Spotlight on blockchain security

NEW DELHI: Whenever a trend experiences significant growth in terms of users and capital flows, it attracts more bad actors to that space, as new attack vectors are opened up, and cybersecurity practices in new areas are often not fully understood or put in place.

Additionally, some of these trends and technologies are gaining adoption at a rapid rate, increasing the urgency to concurrently adopt good security practices to keep data and crypto assets safe.

Let’s take a quick look at some alarming stats. It is estimated that after every 14 seconds, an individual or company falls prey to a ransomware attack. Small Businesses are the primary targets of Cyber-attacks: Most small businesses continue being the smallest investors in cybersecurity despite making up 13% of the cybercrime market!

With the growing popularity of the metaverse and NFT’s (Non-fungible tokens) come multiple security challenges as well.

Many of the current metaverse projects require that users connect their cryptocurrency wallets to interact with them, as gameplay and interaction need to be attached to a unique identity – that being your wallet’s public address. And, just as in the real world, your wallet is used to purchase items such as land, clothing, art and other things. However, having an attached crypto wallet such as MetaMask is where the security concerns within the metaverse start to take shape, so we’ll have to look at that and other cybersecurity issues within the metaverse.

Of late, there have been countless reports of compromised wallets in the metaverse, which resulted in stolen funds and NFTs.
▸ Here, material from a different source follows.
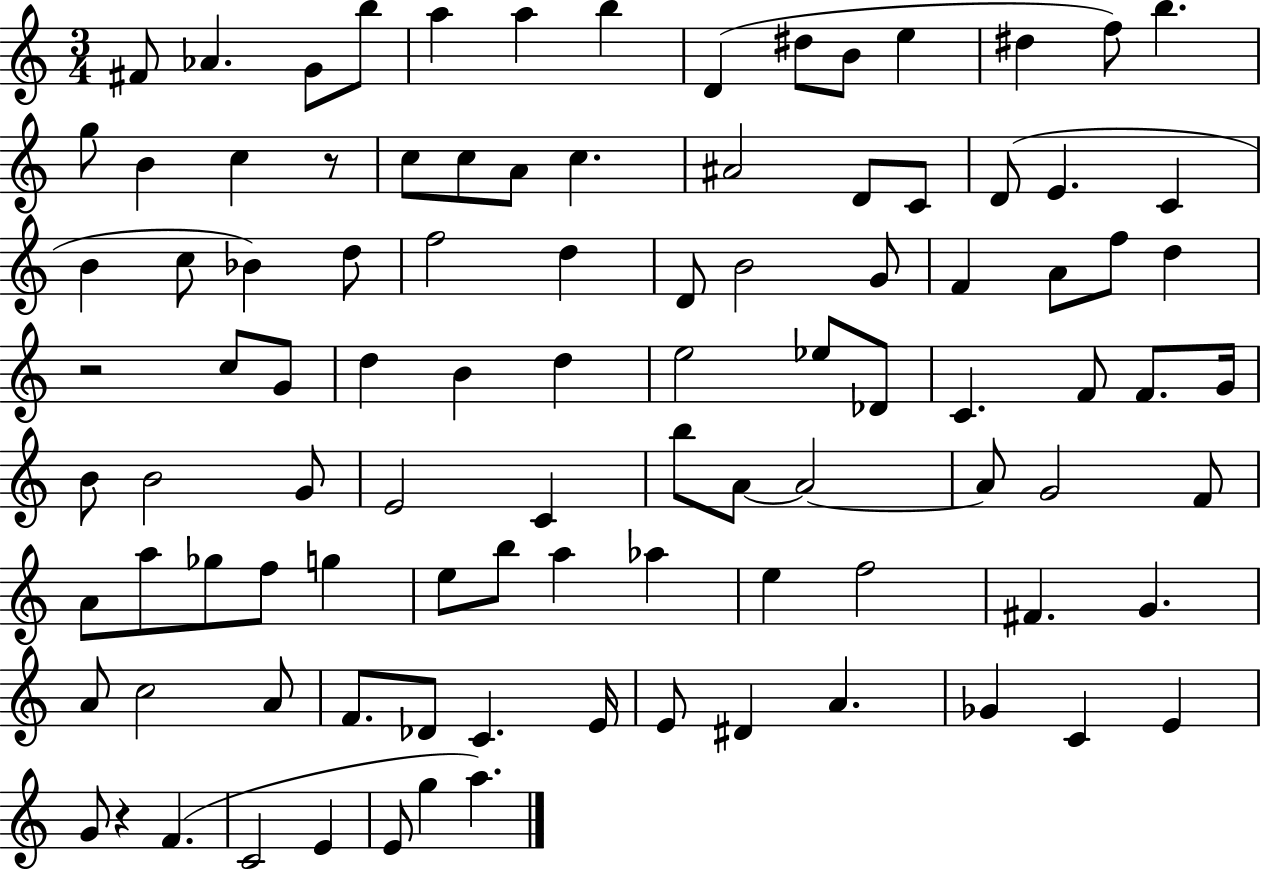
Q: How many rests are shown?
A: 3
Everything from fake airdrops meant to phish users’ accounts, to compromised keys, the metaverse adds another complex attack vector to the blockchain. Additionally, VR technologies like Oculus and HTC Vive, which will become a centrepiece in metaverse interaction, have also proven to be vulnerable to hacks

NFTs are cryptographic collectable tokens that represent something unique and that cannot be replicated. Over the past couple of years, the market of NFT sales quadrupled to $250 million, and has seen well-known artists such as Beeple selling their crypto art through NFTs for millions of dollars. These large sums of money and new technology have attracted a whole new wave of consumers into the crypto space, and whenever a new technology sector experiences massive growth, cyber criminals are naturally given more opportunities to exploit users.
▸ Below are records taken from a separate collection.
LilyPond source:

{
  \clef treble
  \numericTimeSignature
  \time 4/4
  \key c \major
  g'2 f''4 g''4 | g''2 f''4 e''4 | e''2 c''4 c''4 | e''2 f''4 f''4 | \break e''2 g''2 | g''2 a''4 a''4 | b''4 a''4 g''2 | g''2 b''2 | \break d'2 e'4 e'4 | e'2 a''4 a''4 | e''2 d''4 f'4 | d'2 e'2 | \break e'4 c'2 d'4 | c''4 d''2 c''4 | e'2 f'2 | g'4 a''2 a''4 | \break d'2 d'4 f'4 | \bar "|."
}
Recently, OpenSea – the primary marketplace for NFTs – needed to fix a vulnerability in their platform that would let hackers drain users wallets by sending them a maliciously crafted NFT. For instance, you could open up your wallet one day, notice a seemingly free NFT, try to send that NFT out to another wallet or simply interact withit in any way, and from there the hacker could drain funds from the wallet. This hack would work because the user would be exposing their wallet details in the process.

A clear overview of the different blockchain security issues shows the complicity in the existing state of blockchain security. The awareness of vulnerabilities in blockchain security is essential to create better networks and systems. Furthermore, technical advancements such as AI-based solutions for infrastructure, transaction, and code analysis can spell out new trends in blockchain security.